Im Allgemeinen möchte ich darauf hinweisen, dass sich die Wärmeregulation bei einigen MS-Erkrankten auch später noch anders verhalten wird als bei gesunden Menschen. Das bedeutet, dass Sie schnell vom Schwitzen zum Frieren kommen können und umgekehrt. Das muss nicht bei jedem Betroffenen der Fall sein, ist aber auch keine Seltenheit. Des Weiteren kann es aber auch sein, dass Sie beim Sport kaum ins Schwitzen kommen, oder aber sehr stark schwitzen bei Belastung.
Sollten Sie unter extremer Hitze leiden (was besonders während und nach der Stoβtherapie der Fall sein dürfte), dann können Sie mit Kühlwesten oder Kühltüchern Abhilfe schaffen. Leider übernimmt die Krankenkasse keine Kosten hierfür, was mir nach wie vor unverständlich bleibt. Schlieβlich wären MS-Patienten durch solche Hilfsmittel tendenziell schneller wieder arbeitsfähig, weil die Konzentrationsfähigkeit durch ein solches Equipment bedeutend verbessert und Fatigue-Symptome erheblich verringert werden können. Dessen sollte sich der GKV-Spitzenverband [7], der über Zulassung von Hilfsmitteln bei den Krankenkassen entscheidet, wirklich bewusst werden!

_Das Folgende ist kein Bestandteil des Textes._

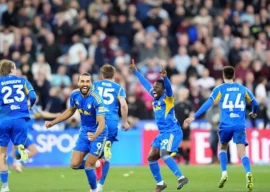 leeds players celebrate after their dramatic 4 2 penalty shoot out win over west ham photo afp file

Ich mache mich jeden Tag auf eine kleine Weltreise. Eine, die distanzmäβig wirklich recht klein ist, aber meinen Körper doch recht viel fordert. Zunächst laufe ich ein paar hundert Meter um den kleinen Häuserblock und merke, dass es mit der Zeit immer besser geht. Nach zwei Monaten jogge ich sogar wieder eine kleine Strecke durch den Wald – wenn auch nur langsam und und im Wechsel mit Gehen. Partner, Freunde und Familie begleiten mich hin und wieder auf meinen Wegen und ich bin sehr dankbar dafür.
Gerade während und direkt nach meinem Schub habe ich das MS-typische Uhthoff-Phänomen deutlich gespürt. Das heiβt, dass ich gerade durch Hitzeeinwirkung deutlich leistungsschwächer war – ob bei Schreibtischarbeit oder bei körperlicher Anstrengung. Gefühllosigkeit z.B. in den Füssen oder Fatigue wird durch dieses Symptom zeitweise verstärkt und dürfte der Mehrheit der MS-Patienten geläufig sein. Es lässt sich unter anderem durch Kältemaβnahmen wie z.B. Kühlwesten, Kühlbänder oder kühle Getränke lindern. Generell verringert sich diese Symptomatik durch regelmäβigen Sport – was zunächst widersprüchlich erscheinen mag, da man hierbei zunächst mehr Hitze im Körper erzeugt. Doch lässt sich dieser Effekt in wissenschaftlichen Studien feststellen [8] und auch ich kann ihn aus meiner persönlichen Erfahrung bestätigen. Mir ist eine MS-Erkrankte bekannt, die an sportlichen Wettkämpfen teilnimmt. Während der extremen körperlichen Belastung bekommt sie keine klare sensorische Rückmeldung der Beine und kann somit beim Zieleinlauf auch nicht richtig stoppen. Dort wartet ihr Trainer mit Eisbeuteln auf sie. Nach der Abkühlphase kann sie sich schlieβlich wieder normal bewegen.[9]
Wenige Zeit nach dem Klinikaufenthalt werde ich erneut krank und habe tatsächlich einen heftigen grippalen Infekt. Auch dies ist eine mögliche Nebenwirkung von so hoch dosierten Cortisol-Derivaten, denn sie drosseln das Immunsystem und machen den Körper daher anfälliger für Infekte. Fühle mich dadurch natürlich nicht besonders gut. Weiβ aber, dass der Infekt in ein paar Tagen überstanden ist und schone mich daher ein wenig.